The day started with teeming rain, so Mike's 3rd installment of The Birds of Jackson series was cancelled. I went back to bed and when I awoke, mid-morning, the skies had cleared but I didn't much feel like going out. I figured the birds would be quiet by that time of the day.
Around 2:30, as I was sitting on the couch in a near torpor, watching the Mets start to lose, Mike texted me and said he was considering trying for the Uppie at Seven Presidents Park. The thought had crossed my mind earlier, but I was feeling profoundly lazy. Somehow I roused myself and within a half hour we were on our way north.
This seemingly lost Upland Sandpiper has been sticking in the same grassy field at Seven Presidents since Wednesday. Usually, I get my Uppies at Lakehurst, in June, but there are no guarantees, so a potential bird in the scope was worth the try, especially given the binary conditions of the hunt--it would obviously be there or not. We were fairly confident of it being there since another birder posted a picture of it just before we left, but a lot can happen in 45 minutes.
When we got there, it looked, at first, like a lot happened, because as we scanned along the fence line where the bird had been seen and photographed, we saw only grackles, robins, and starlings. We heard a Killdeer. No Uppie.

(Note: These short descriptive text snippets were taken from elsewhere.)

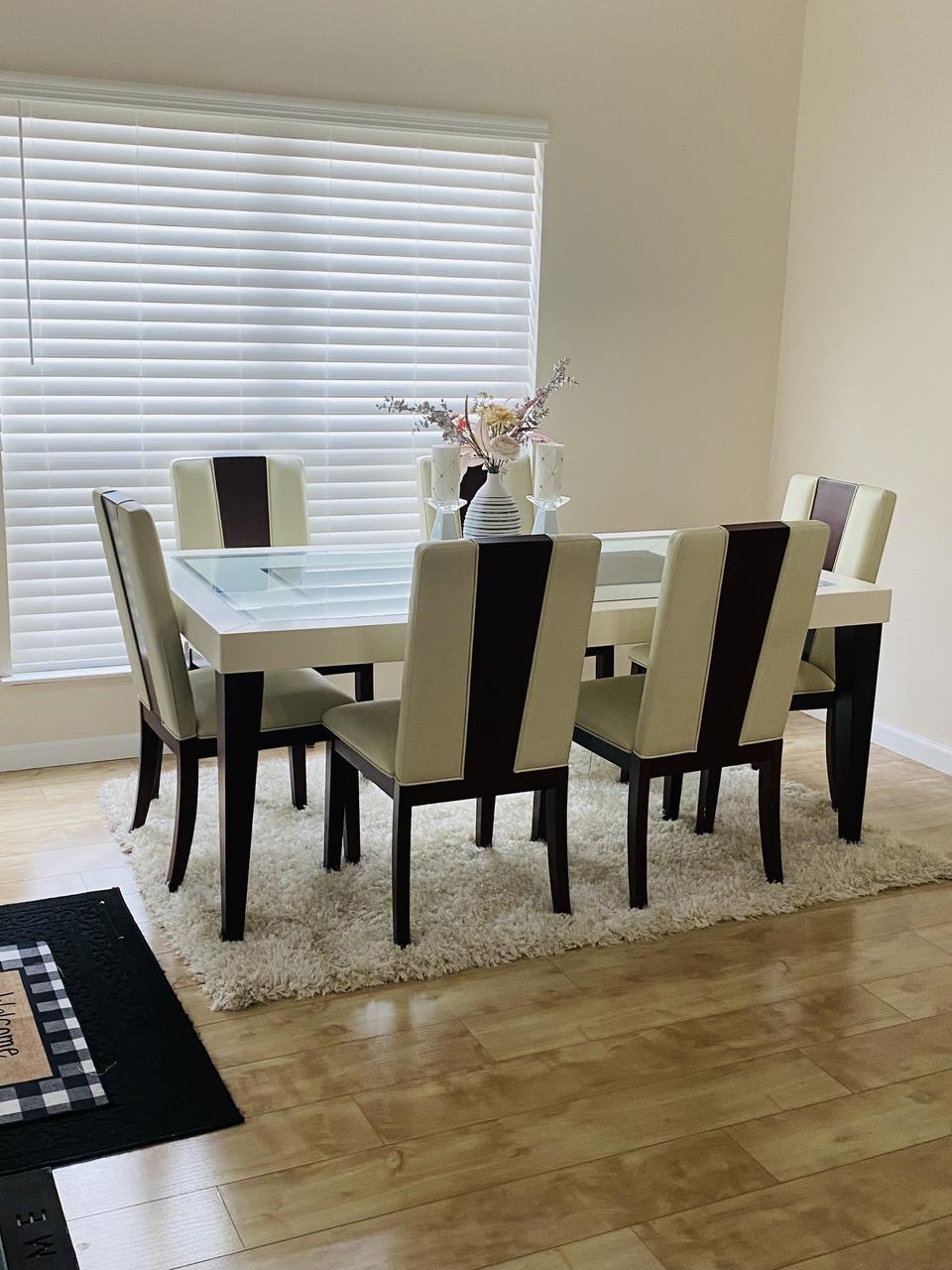 Profile photo 3 of 12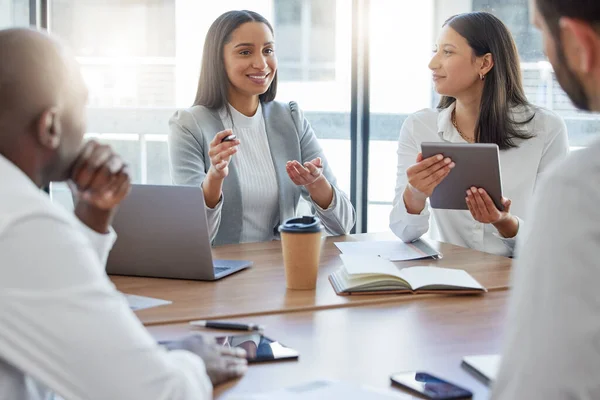 Es gibt immer etwas Neues zu besprechen. Aufnahme einer Gruppe von Geschäftsleuten bei einer Besprechung in einem Sitzungssaal bei der Arbeit. — Stockfoto
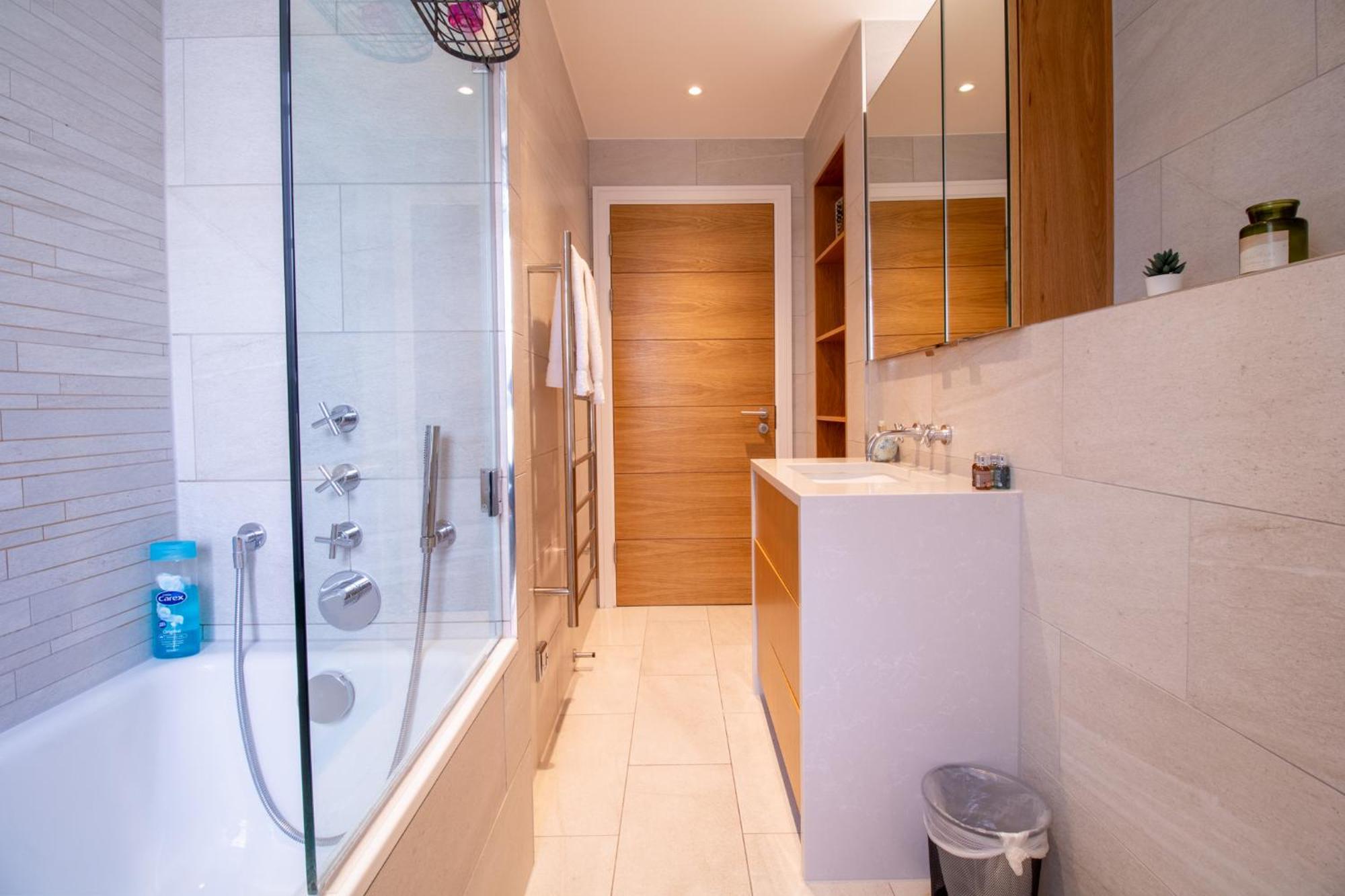 Elegant 3-Bedroom Penthouse In Marble Arch 70 London Exterior foto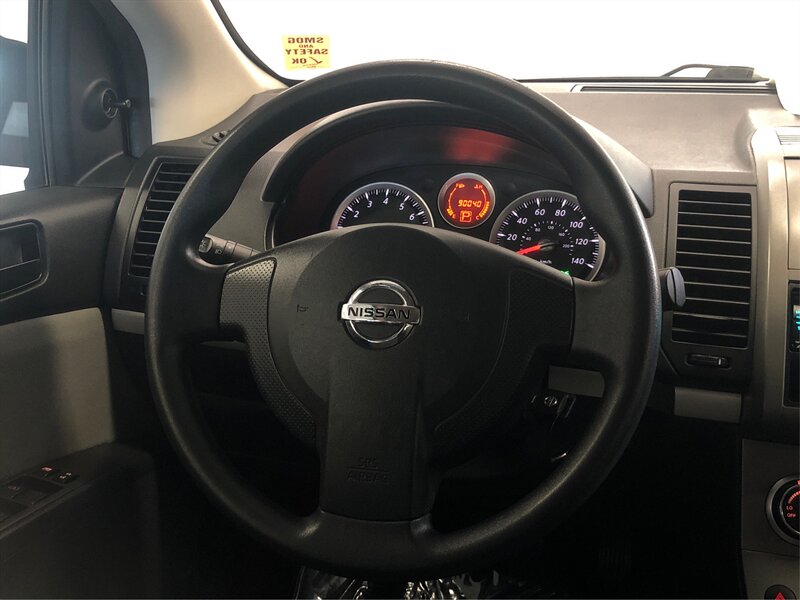 2010 Nissan Sentra 2.0 Image 15 of 21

We changed our angle of view, walking farther into the gravel parking lot and scanned again. Amazingly, I found the bird sitting in the grass, just a brown lump in the green lawn. It wasn't a very satisfying look, but then, obligingly, the bird stood up, looked around, opened its wings for a moment, and then just stood there, looking dazed. Mike theorized that the bird wasn't well. Don't know, but it was still there this afternoon when Shari went to look for it after work. Uppies breed in New Jersey in very select locations--in fact, at this point Lakehurst might be the only spot. This one doesn't look like it will be one of the breeders.